Required work
The lines below, from the one containing "I will compare" through the one containing "Break open shotguns: Keep", should be set down exactly, with no pictures and nothing else.

Records provided
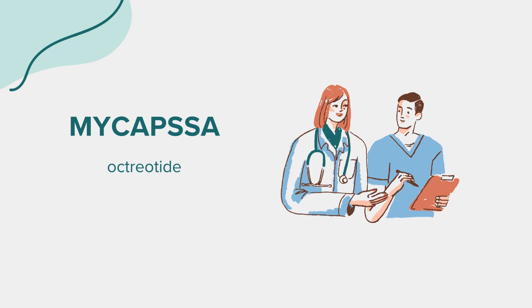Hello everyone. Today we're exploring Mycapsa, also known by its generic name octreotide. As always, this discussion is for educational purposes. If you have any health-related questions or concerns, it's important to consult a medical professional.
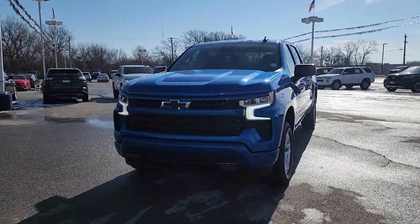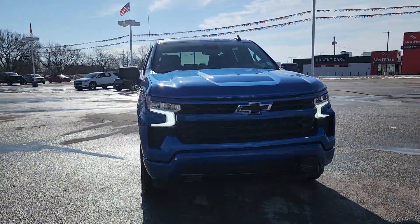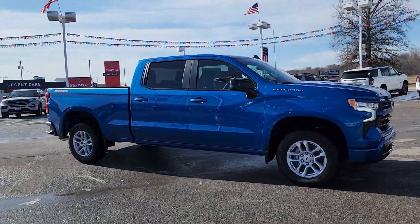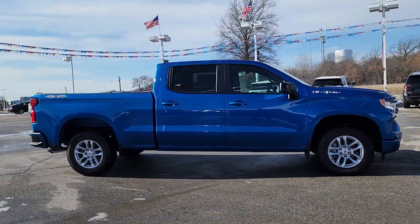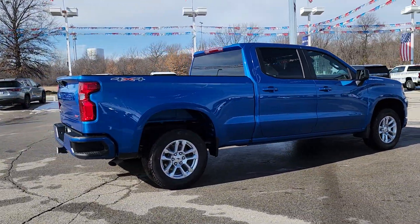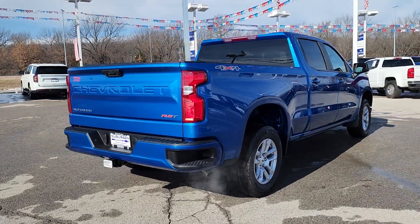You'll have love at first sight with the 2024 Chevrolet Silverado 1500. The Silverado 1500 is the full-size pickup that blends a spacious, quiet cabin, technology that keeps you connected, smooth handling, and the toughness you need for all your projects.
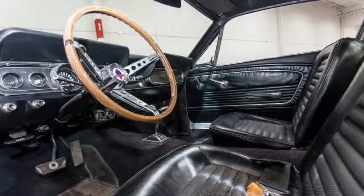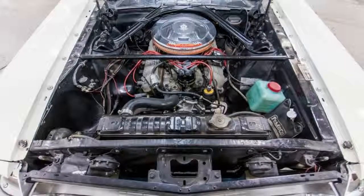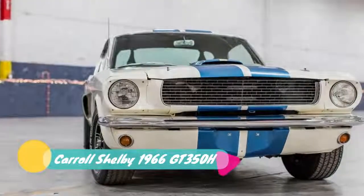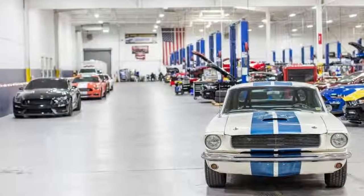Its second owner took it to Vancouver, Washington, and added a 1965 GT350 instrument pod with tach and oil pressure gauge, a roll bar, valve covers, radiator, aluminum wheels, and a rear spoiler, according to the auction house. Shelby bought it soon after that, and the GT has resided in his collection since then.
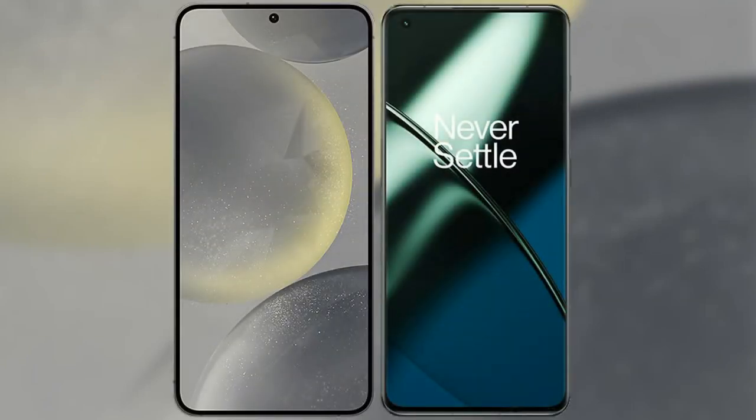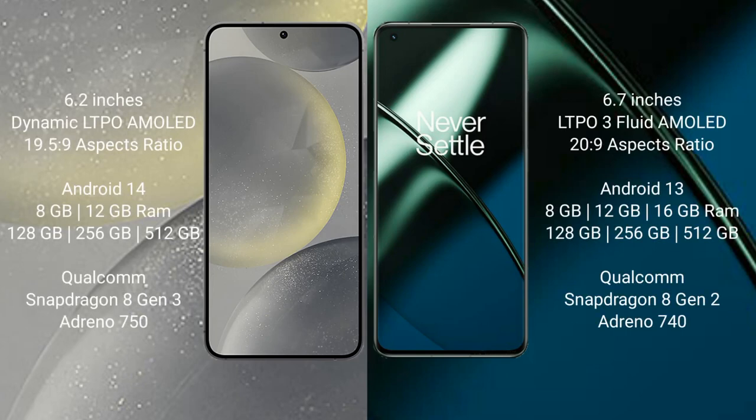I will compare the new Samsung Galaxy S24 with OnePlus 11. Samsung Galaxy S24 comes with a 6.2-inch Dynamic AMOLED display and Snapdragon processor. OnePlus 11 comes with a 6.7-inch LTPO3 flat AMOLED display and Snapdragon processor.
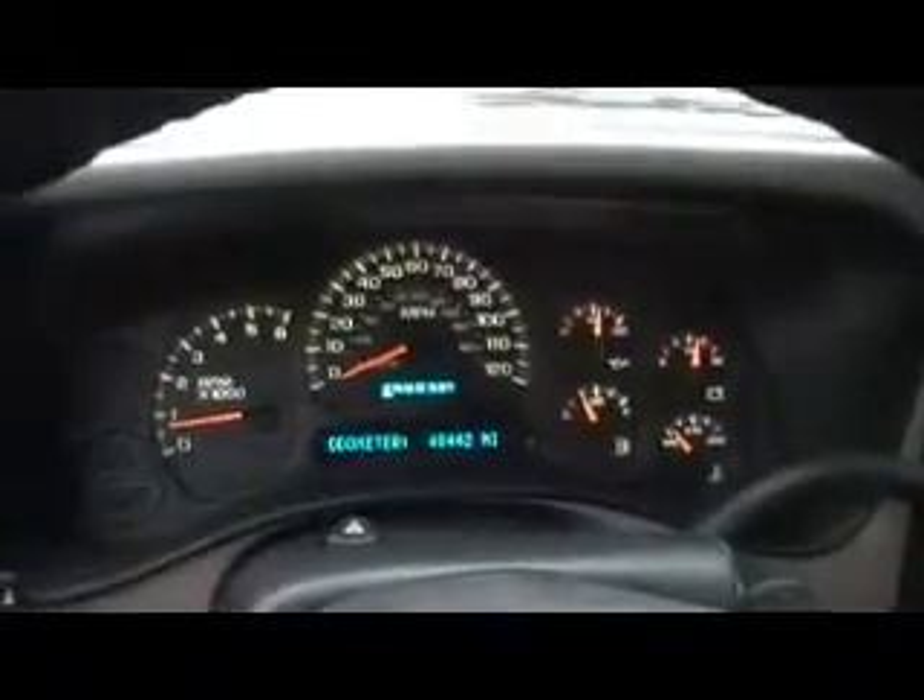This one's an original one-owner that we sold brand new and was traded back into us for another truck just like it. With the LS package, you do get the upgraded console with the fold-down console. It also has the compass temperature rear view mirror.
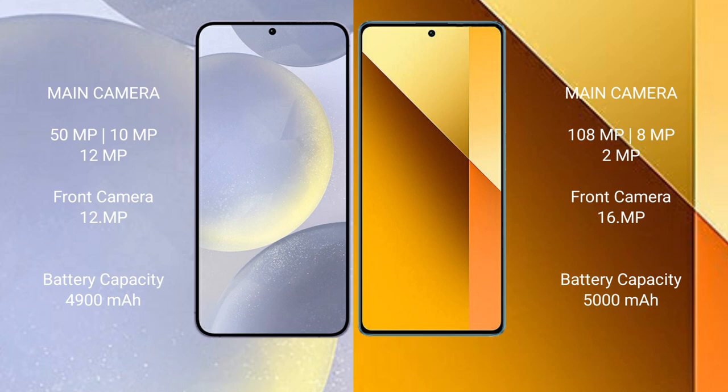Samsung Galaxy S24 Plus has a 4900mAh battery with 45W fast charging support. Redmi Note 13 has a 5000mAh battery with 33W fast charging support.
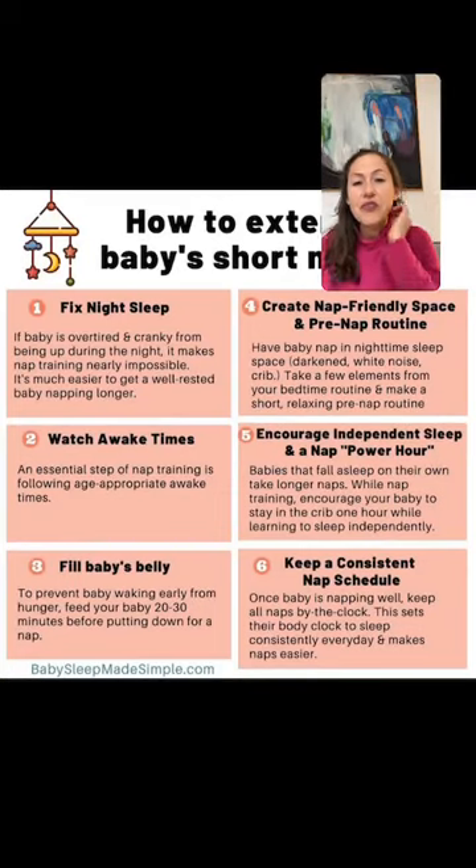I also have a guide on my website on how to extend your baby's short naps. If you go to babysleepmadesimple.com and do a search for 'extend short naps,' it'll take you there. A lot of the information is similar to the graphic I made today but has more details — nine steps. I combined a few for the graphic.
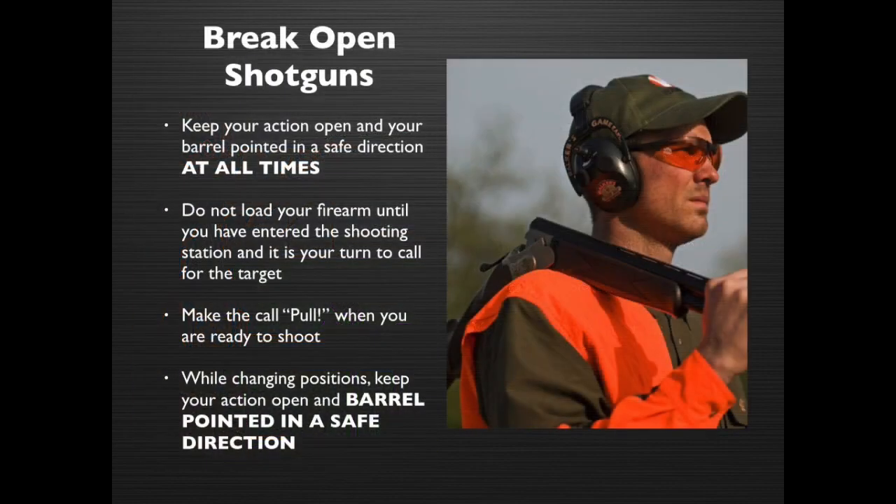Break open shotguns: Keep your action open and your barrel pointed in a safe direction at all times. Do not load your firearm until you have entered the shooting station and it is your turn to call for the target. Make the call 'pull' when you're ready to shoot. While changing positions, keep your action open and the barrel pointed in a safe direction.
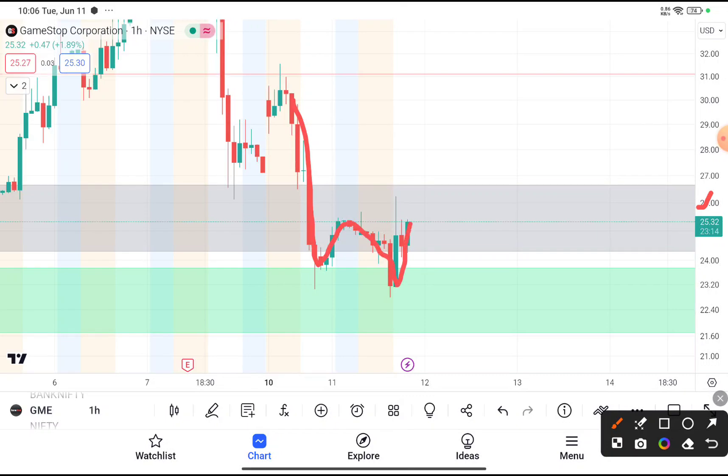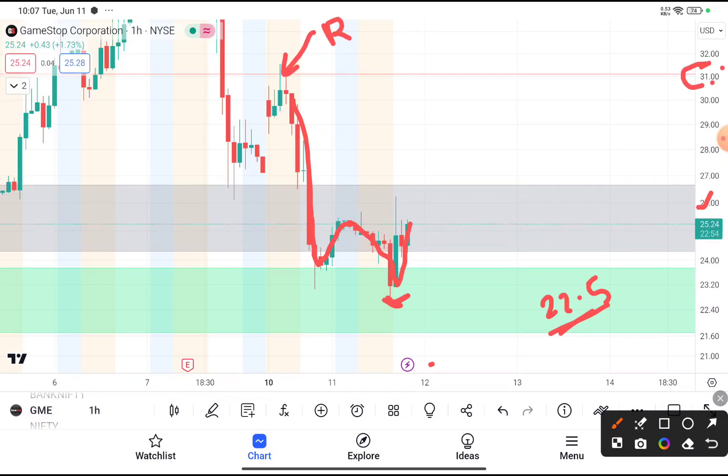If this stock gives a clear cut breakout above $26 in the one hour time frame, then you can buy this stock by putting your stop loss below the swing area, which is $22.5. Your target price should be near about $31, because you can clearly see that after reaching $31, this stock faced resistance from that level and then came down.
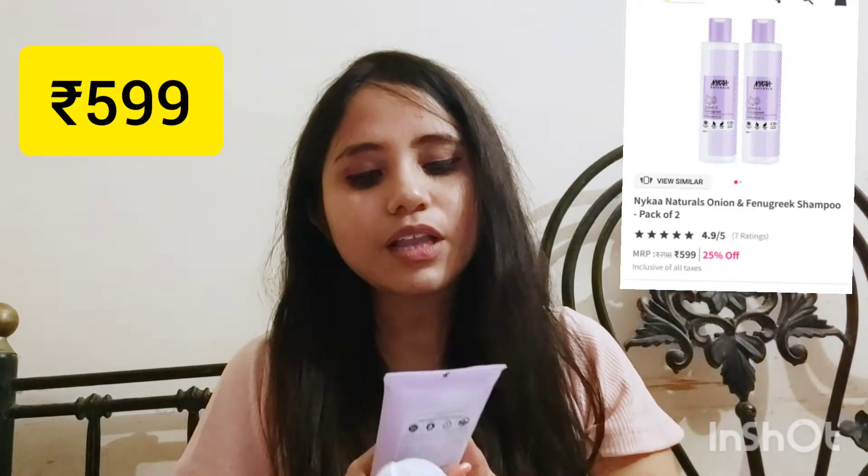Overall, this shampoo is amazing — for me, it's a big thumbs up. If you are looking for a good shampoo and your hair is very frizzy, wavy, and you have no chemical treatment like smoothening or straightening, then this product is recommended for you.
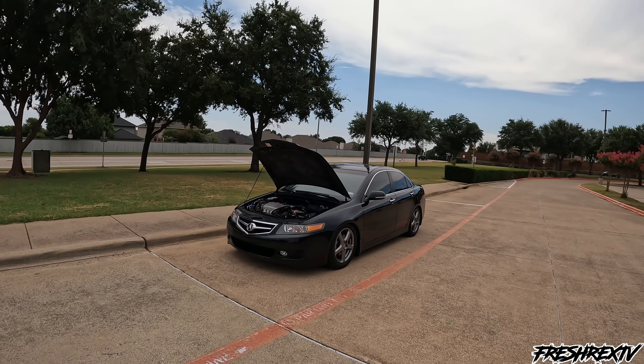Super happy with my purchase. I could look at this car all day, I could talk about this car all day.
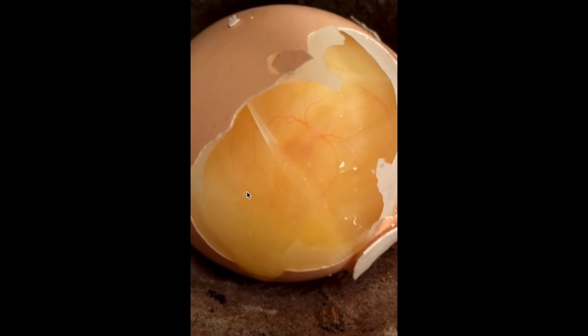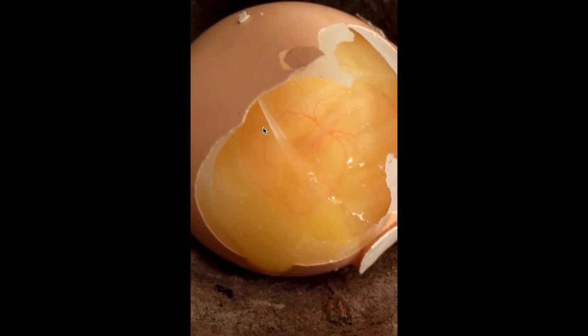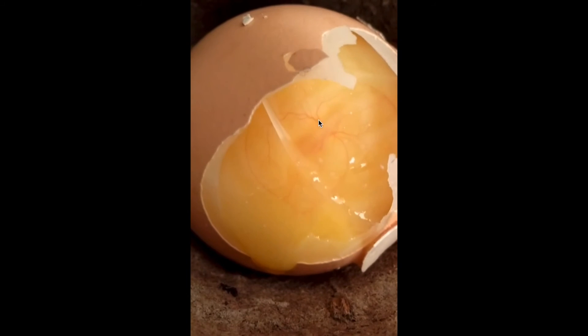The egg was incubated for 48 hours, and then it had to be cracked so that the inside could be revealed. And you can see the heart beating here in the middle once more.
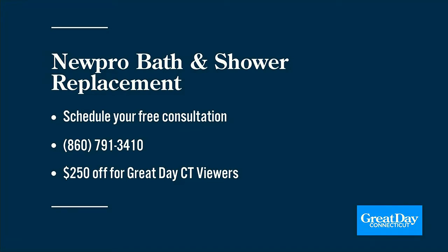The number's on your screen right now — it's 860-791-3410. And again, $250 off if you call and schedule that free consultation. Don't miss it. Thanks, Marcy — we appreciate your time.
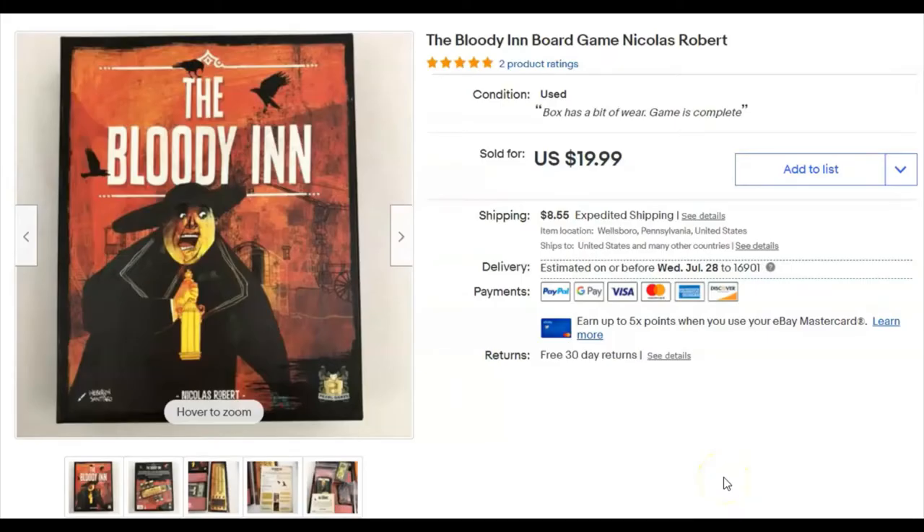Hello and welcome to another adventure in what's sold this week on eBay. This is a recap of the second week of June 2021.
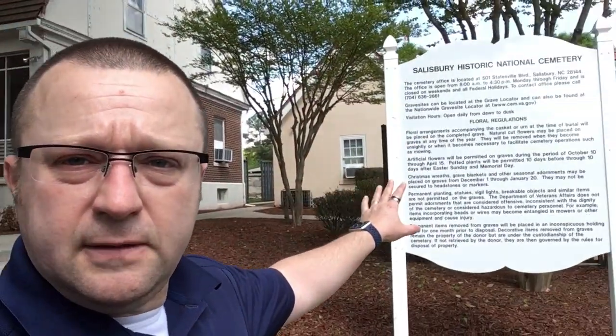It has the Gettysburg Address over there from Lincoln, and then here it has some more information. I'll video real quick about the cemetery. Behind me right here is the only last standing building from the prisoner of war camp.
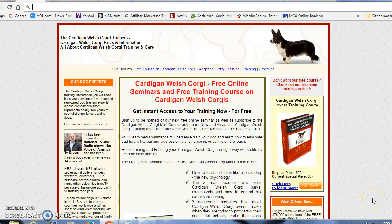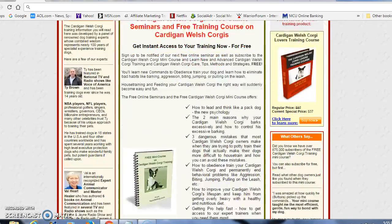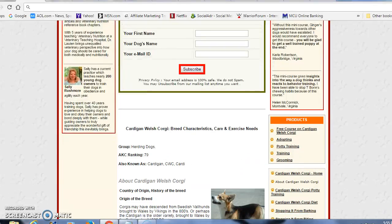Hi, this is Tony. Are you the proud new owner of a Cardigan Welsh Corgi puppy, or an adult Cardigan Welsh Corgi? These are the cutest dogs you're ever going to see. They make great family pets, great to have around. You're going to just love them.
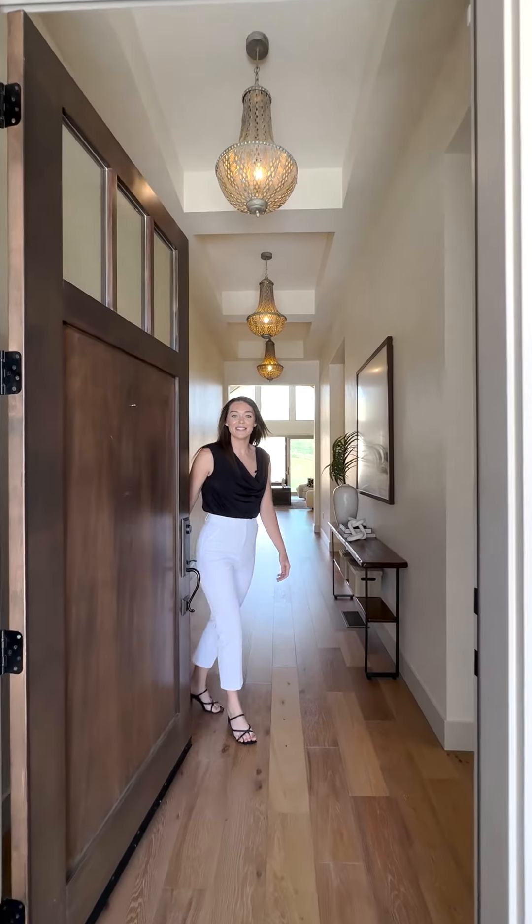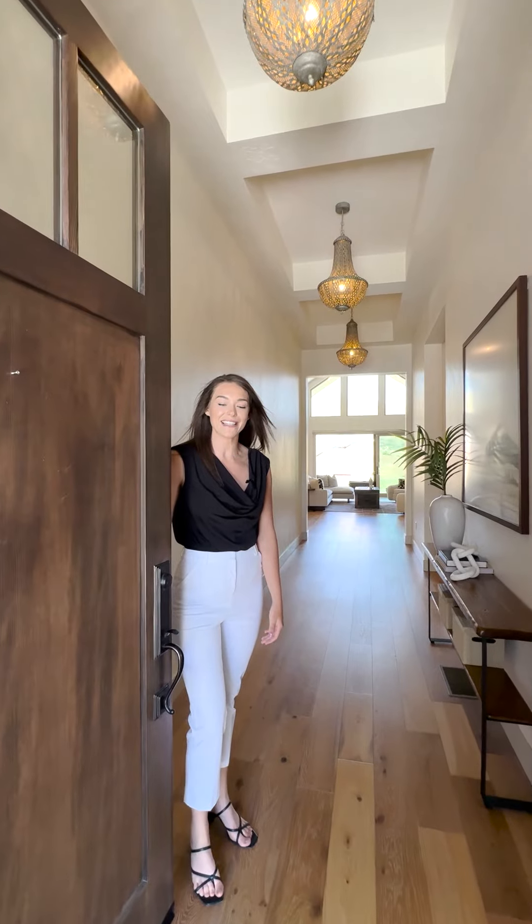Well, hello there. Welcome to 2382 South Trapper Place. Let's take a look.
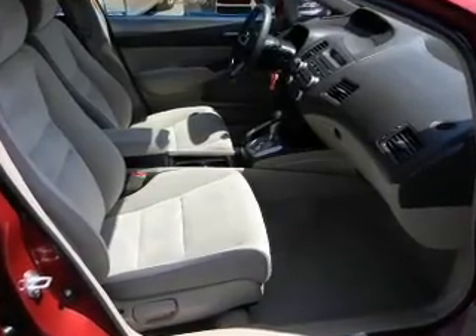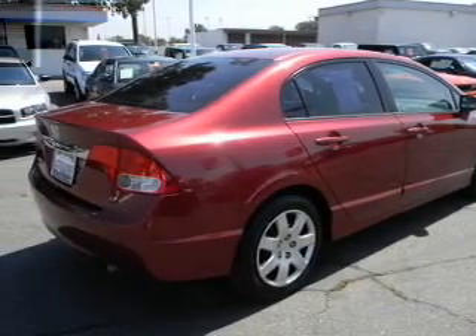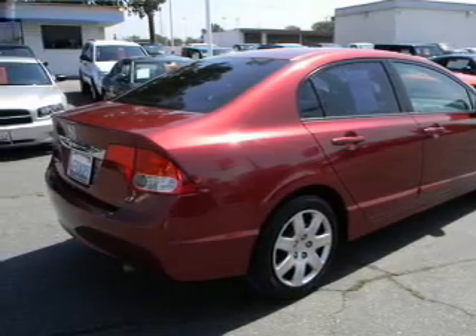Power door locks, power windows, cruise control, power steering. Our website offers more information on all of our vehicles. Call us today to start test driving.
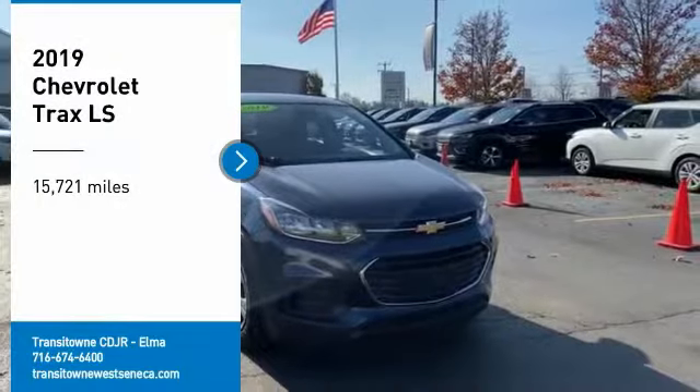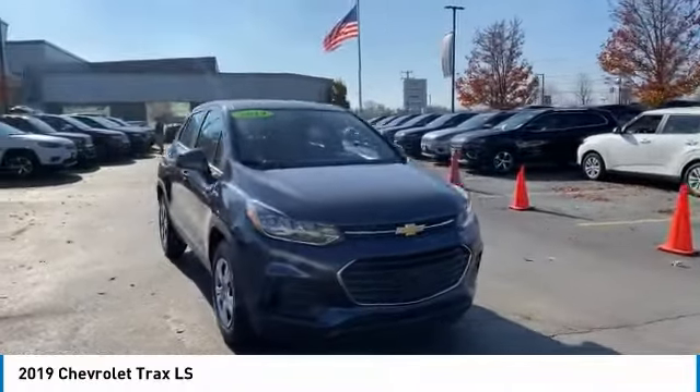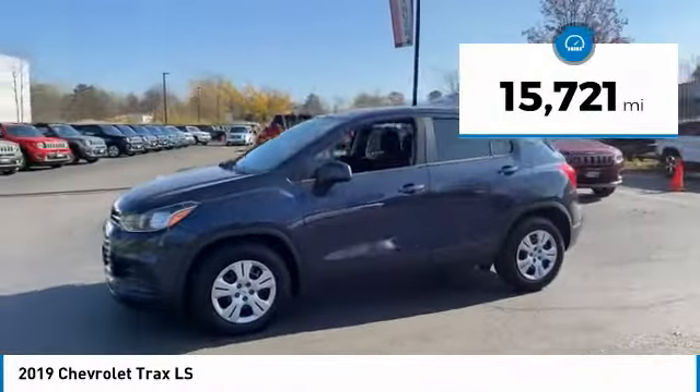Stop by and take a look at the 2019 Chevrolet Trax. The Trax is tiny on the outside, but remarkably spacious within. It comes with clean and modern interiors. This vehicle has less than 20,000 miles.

Reply to the exercise
I will compare the new Samsung Galaxy S24 with OnePlus 11. Samsung Galaxy S24 comes with a 6.2-inch Dynamic AMOLED display and Snapdragon processor. OnePlus 11 comes with a 6.7-inch LTPO3 flat AMOLED display and Snapdragon processor.
This one's an original one-owner that we sold brand new and was traded back into us for another truck just like it. With the LS package, you do get the upgraded console with the fold-down console. It also has the compass temperature rear view mirror.
Samsung Galaxy S24 Plus has a 4900mAh battery with 45W fast charging support. Redmi Note 13 has a 5000mAh battery with 33W fast charging support.
I also have a guide on my website on how to extend your baby's short naps. If you go to babysleepmadesimple.com and do a search for 'extend short naps,' it'll take you there. A lot of the information is similar to the graphic I made today but has more details — nine steps. I combined a few for the graphic.
Break open shotguns: Keep your action open and your barrel pointed in a safe direction at all times. Do not load your firearm until you have entered the shooting station and it is your turn to call for the target. Make the call 'pull' when you're ready to shoot. While changing positions, keep your action open and the barrel pointed in a safe direction.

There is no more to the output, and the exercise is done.